British Vogue, has finally done something about it. Turns out Alexandra Shulman is sick and tired (as we all are) of skinny models, and wants to bury the skeletons where they belong, according to The Daily Mail. See, it goes like this. Prada, Gucci, Galliano (bless his tarnished clothes), Giorgio Armani and all those powerhouses of fashion, put up from four to eight fashion shows a year. After the shows, the models are stripped from the clothes, and those garments are sent over to magazines for photo shoots and to promote the collections. The thing is that Mrs. Shulman complains clothes are so tiny no regular model fits into them. What do you do when a designer pisses you off? Well, you don’t vandalize their stores. You send an angry letter. And so she did, to all those immensely talented people, to call them off. And this fashionista believes she is right, very much.

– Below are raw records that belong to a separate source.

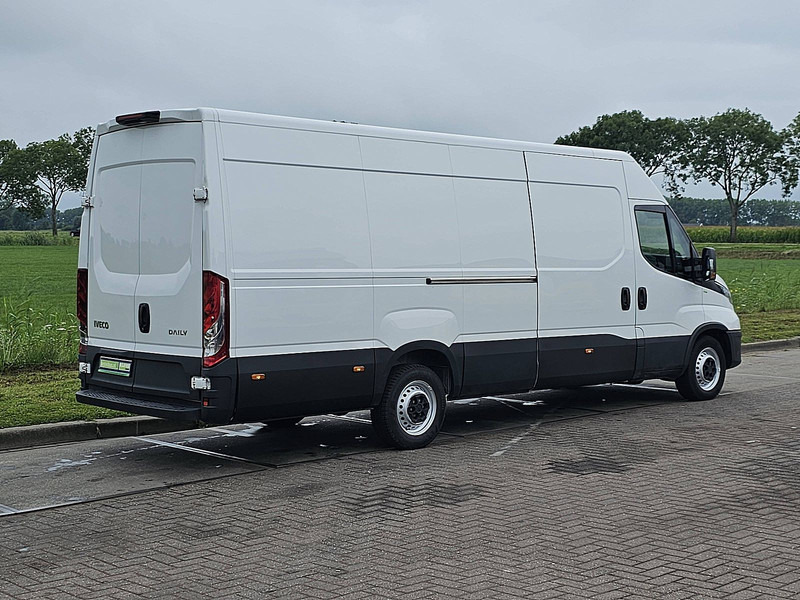 Iveco Daily 35S14 L4H2 Maxi Automaat - Furgon: slika 3 Iveco Daily 35S14 L4H2 Maxi Automaat - Furgon: slika 3
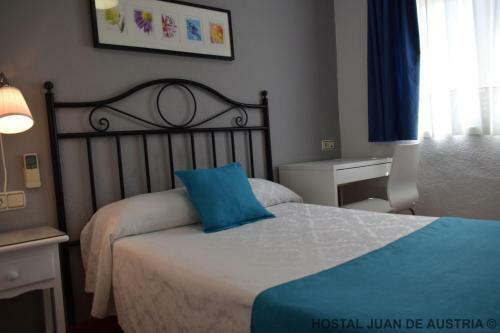 Hostal Juan De Austria I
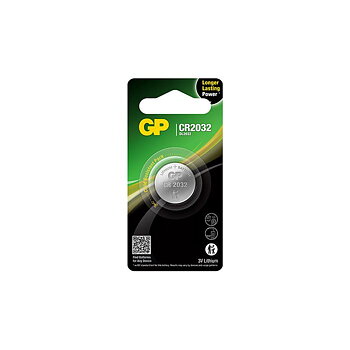 GP CR 2032-C1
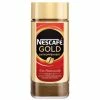Nescafé® Gold Entkoffeiniert 100G -Kaffee-Tee Sales nescaf gold lslicher bohnenkaffee entkoffeiniert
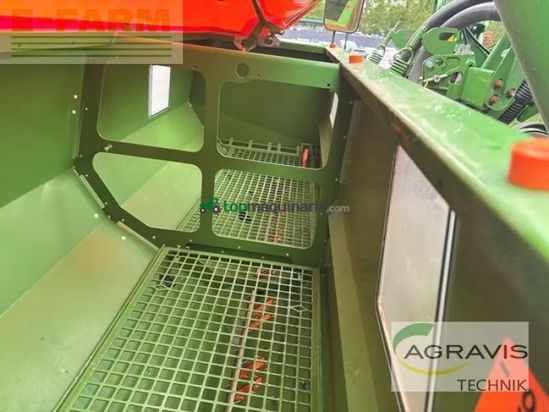 Sembradora monograno mecanica - Amazone - ed 6000-2c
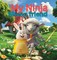 The Ninja Sheep Girl
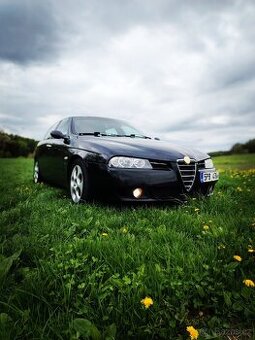 Alfa Romeo 156 1.9 JTD 16V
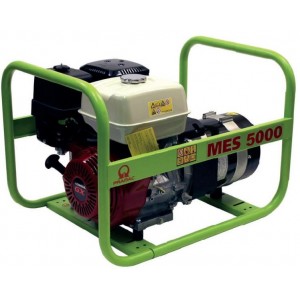 Generator de curent Pramac MES8000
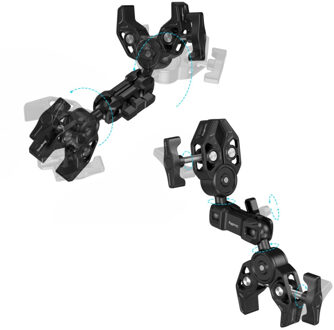 SmallRig 5459 Cycling Camera Mount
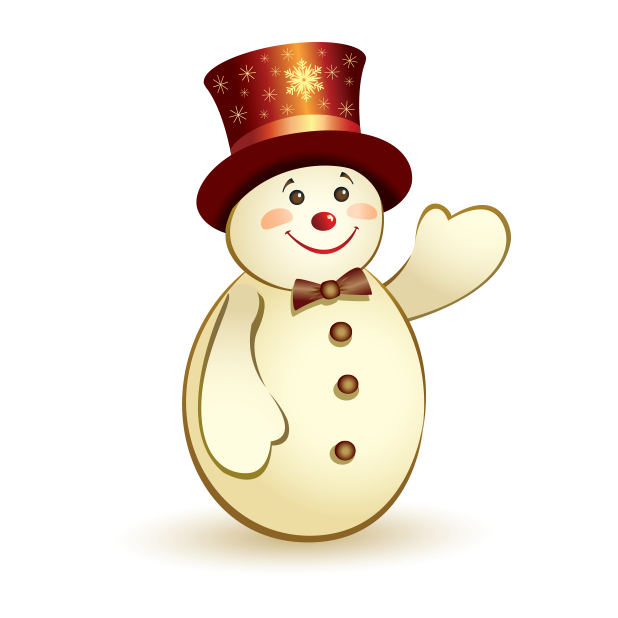 Happy New Year Stickers 2018 messages sticker-11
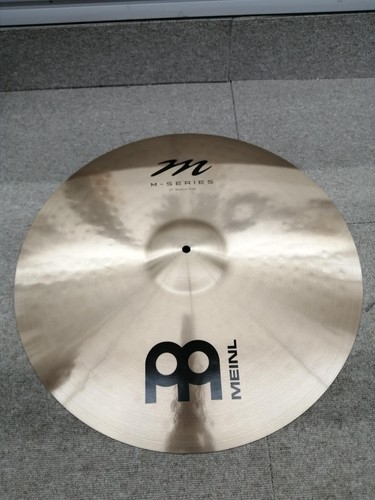 Meinl ms22mr ride becken - ms22mr, b20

See, clothes are an aspirational realm. It’s fashion, it’s elegance, it’s style. But it’s not death, and bulimia and anorexia bring that, eventually. Amazing gowns will be amazing gowns in a size 1 or a size 9, it’s the ideal, the cut, and the fabric that’s behind the magic. But forcing people to starve in order to get jobs is a terrible tactic. Of course there are exceptions, like Twiggy, whose skinny looks came natural, but there are others like Tyra who are voluptuous, and beautiful. So she needs to stop eating immediately?
What Mrs. Shulman has done for the industry is the last attempt to change it, from Fashion Week Madrid not allowing models with a body mass index of at least 18.5 to 25 to do catwalks, to hundreds of talk shows focusing on sick people looking for some self-esteem. I expect Alexandra’s voice to be heard (not very popular here, but a leader in the UK when it comes to trends and fashion). No matter how talented designers are, it’s true that couture comes smaller every time. I am a 5′8″ male and at 152lbs, I am an XL in Moschino! Yes indeed, I went shopping to El Palacio de Hierro (the Mexican equivalent to Saks) and. bam, I’m fat (or buff, but anyway). In conclusion, follow Shulman’s lead and don’t care for model sizes, because in my opinion, health will always come first.